The possibilities for retirement were endless, they said. How about a job in a real hospital? Somehow I couldn’t see any challenge in working in a western hospital where there was all the equipment I needed, electricity that didn’t qui, and my mouth wasn’t full of choking dust. It wouldn’t fill that void. It wouldn’t silence that voice that still ricocheted around in my mind.
I could travel, they said. Take a cruise maybe. Day after day of nothing to do but lie in the sun. That seemed like the most boring of futures. Nothing to do but hear that voice.
But I travelled for a while and saw a few cities I had wanted to visit. I spent time in Vienna, in Tokyo and I checked out the Grand Canyon. All very interesting for a few days. I even spent a couple of months in Iceland. It took me two years to stop finding excuses and come back to the Vancouver that was home for the first half of my life. It took me another six weeks to quieten the voice in my head a little and drive out here to my old house. I don’t know why it took so long – the place has been rented out since my ex-wife died. But here I am now looking at an overgrown garden and recognizing every far-too-large plant as an old friend.
Especially that Warm Welcome rose over by the front door. Whatever had possessed me to plant a Warm Welcome rose outside that cold house where the atmosphere froze me as soon as I entered? Was it a sign of hope to myself? There was never a welcome of any description.
I stop the car, then turn it around and pull over. I would so much like to have one of those copper-coloured roses. Against every instinct I get out of the car, open the gate and walk up the path. To quieten screaming nerve endings I try to think logically, reasonably, reminding myself that I have a right to be here because I still own the house. Somewhere in the periphery of my mind I wonder who the house has been rented to and whether there is any happiness in it now. I can see fresh paint so someone has kept the place neat. Yet they haven’t touched the garden.

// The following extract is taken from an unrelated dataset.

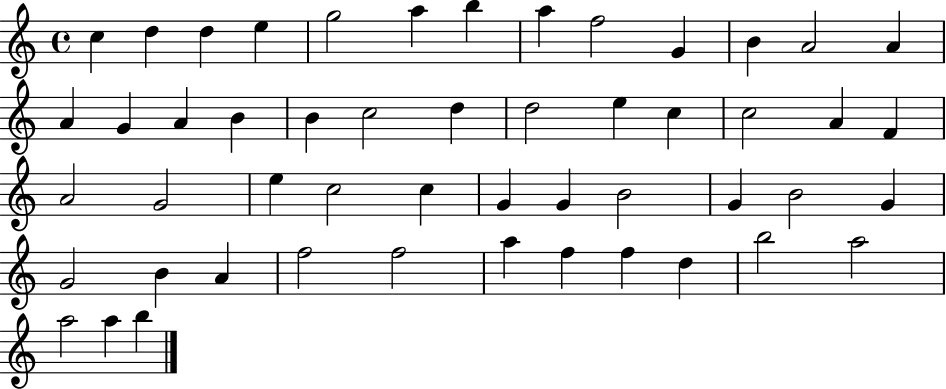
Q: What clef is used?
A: treble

I could just pick a rose or two and leave but maybe I ought to explain myself. I hesitate and the door opens. A child stands there. A perfect little girl, not missing a leg or with the protruding belly and stick legs of malnutrition.
For a moment all I can do is stare at the wholeness of her.
“Grandma says we’re not buying anything.”
I’m still staring at this perfect child with no wounds or scars. She starts to close the door.
“I came to ask if I could pick a rose.” It sounds ridiculous.
“I’ll have to find out.” She closes the door.
I’m shaken. I’ve seen lots of whole, healthy kids since I was in, where was it? I can’t remember now- somewhere in Africa. I’ve noticed boys and girls running on two legs, arms pumping, laughing, jumping, calling out. I’ve even stopped to watch them for a few minutes, just for the sheer pleasure of it. So why does the wholeness of this one child affect me so much?